Many thanks Fugolman for IDing these as Chandler Robbins' bins.

That's Chandler S. "Golden Guide" Robbins for those that forgot. Like me. Not that I'll forget again! And the Breeding Bird Survey. And Breeding Bird Atlas. Yikes! Amongst others.

http://www.pwrc.usgs.gov/research/scimtgs/2006/presentations/james_Robbins1.pdf

Actually those bins belong to the notable birder Chandler Robbins and are supposedly still in use. Methinks I would have retired them but who knows. . .they could be his lucky bins. |:D|

http://www.pwrc.usgs.gov/whatsnew/events/robbins/images/chanleaf_IMG069_lg.jpg

I think in the above pic those may be the same bins with the leather wrapping intact.

There are quite a few pics in various states in the Gallery where the leather armor stands out. And you can clearly see that these are the same bins (with the "field marks" on the end of the left barrel being diagnostic!).

http://www.pwrc.usgs.gov/whatsnew/events/robbins/photo_gallery.cfm

Like this one

http://www.pwrc.usgs.gov/whatsnew/events/robbins/images/Robbins2.jpg

and more clearly

http://www.pwrc.usgs.gov/whatsnew/events/robbins/images/Chan2_lg.jpg

and perhaps best of all

http://www.pwrc.usgs.gov/whatsnew/events/robbins/images/chan_dirt_IMG22_lg.jpg

The photo, taken by Laura Erickson, is in Flicker too in the original size too and the meium I've attached to this post.

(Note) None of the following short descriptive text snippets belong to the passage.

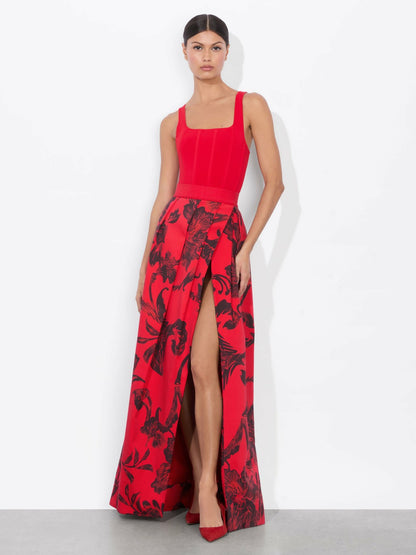 Margarite Ballgown Skirt In Philosophy Bright Ruby - Alice + Olivia Women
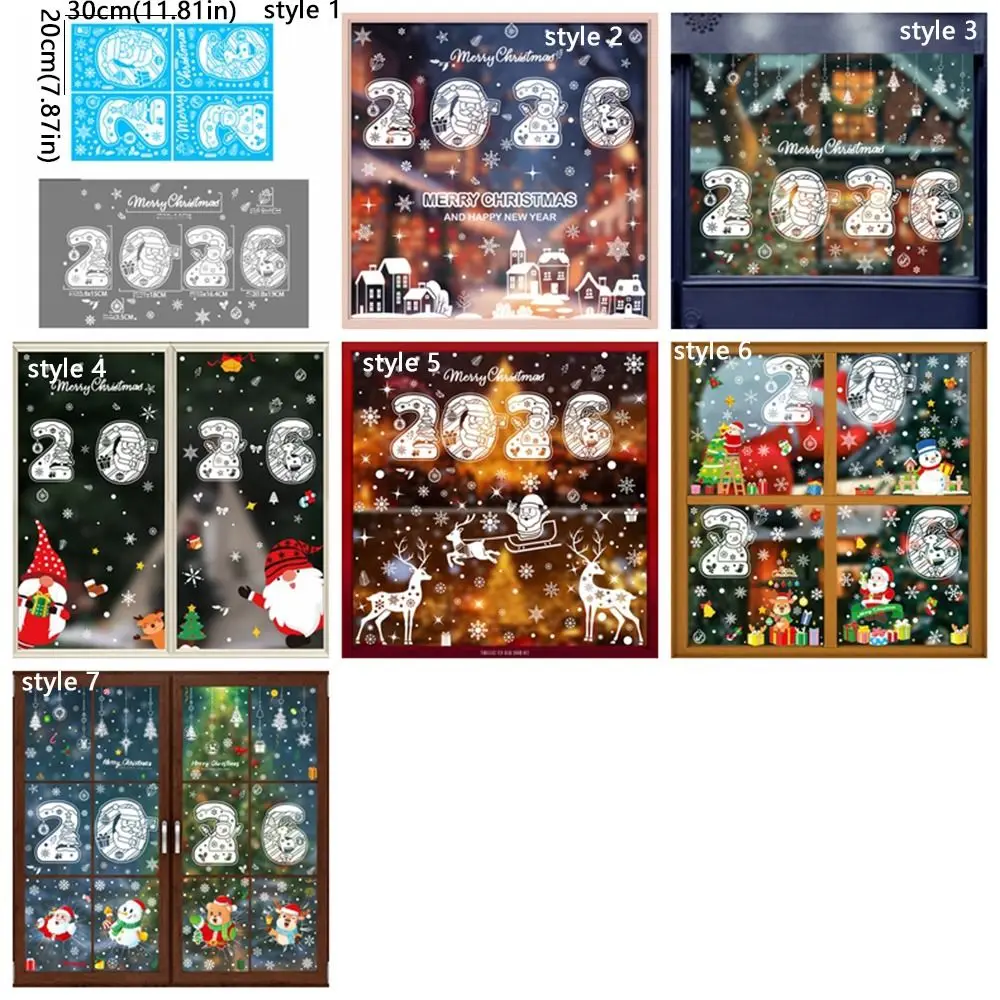 Рисунок 6 - Рождественская наклейка на окно Санта-Клауса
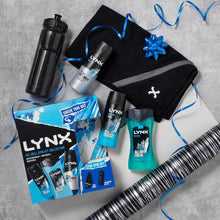 LYNX Ice Chill Gym Collection Deodorant Gift Set Water Bottle, Towel, Body Wash, Body Spray & Anti-Perspirant perfect for his daily routine 3 piece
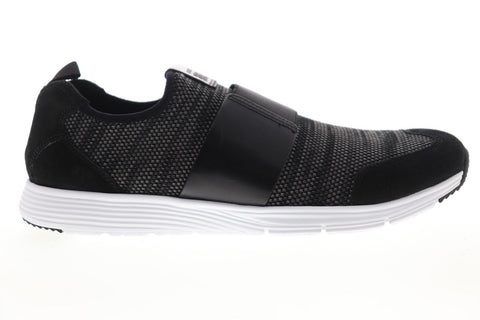 Geox U Snapish U822DB06K43C9999 Mens Black Canvas Casual Slip On Loafers Shoes
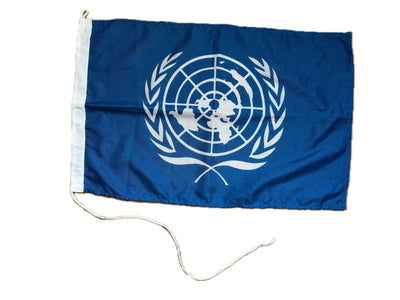 Verenigde Naties voertuig vlaggetje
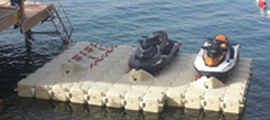 piattaforma galleggiante moto d'acqua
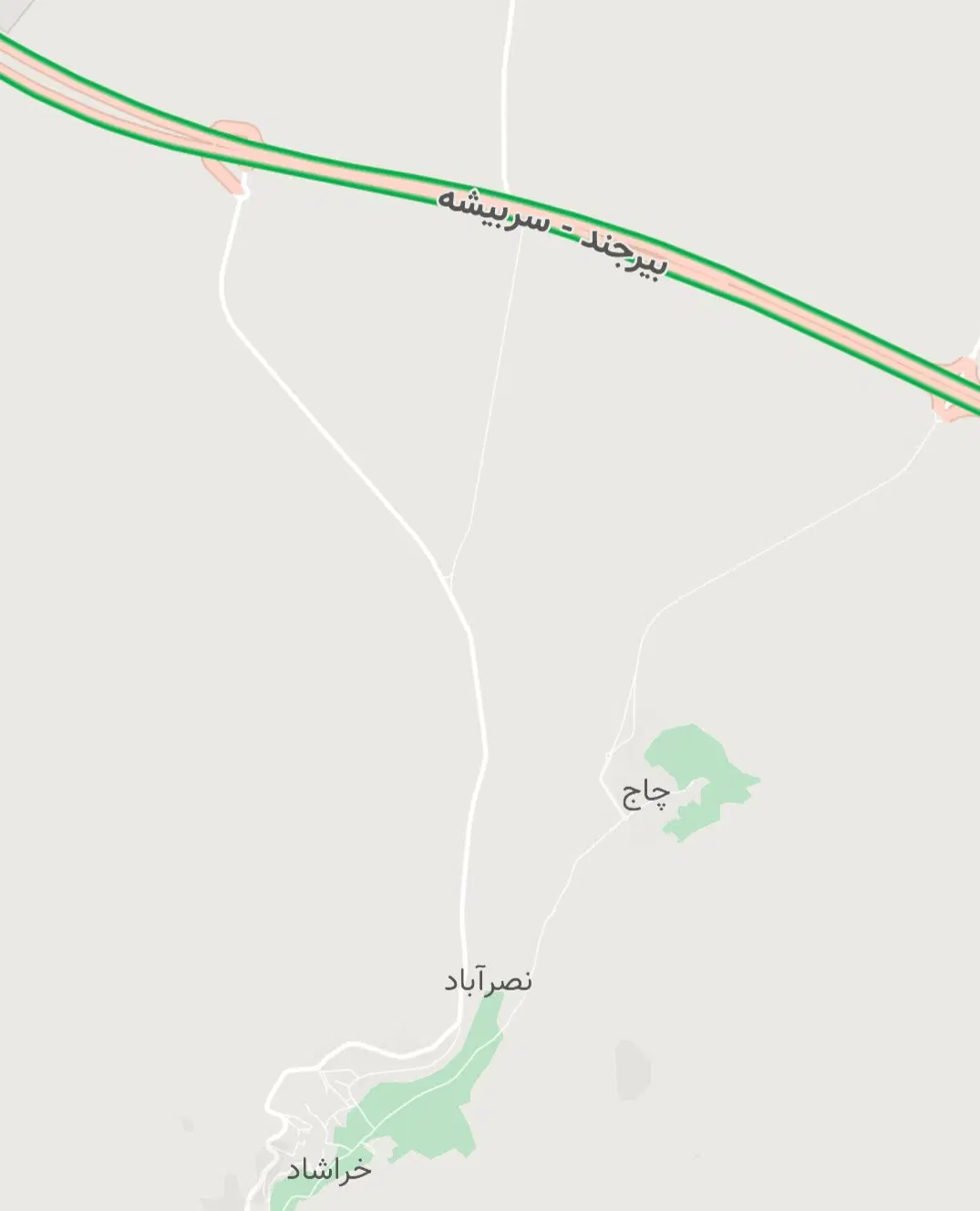 زمین مسکونی روستای چاج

http://www.flickr.com/photos/48014585@N00/3173109880/sizes/l/

Anyone care to ID the bins?

Laura Erickson took this photo on February 17, 2007 and helpfully placed the original photo on Flickr. High resolution is very useful. It shows some lettering around the inside of the barrels. Pushing the exposure in an image viewer and I can read most of them.

The right barrel has " X 50mm" and "7° 10'" (I think) and "FULLY COATED". I think the magnification is "10 X 50mm". It's certainly two characters.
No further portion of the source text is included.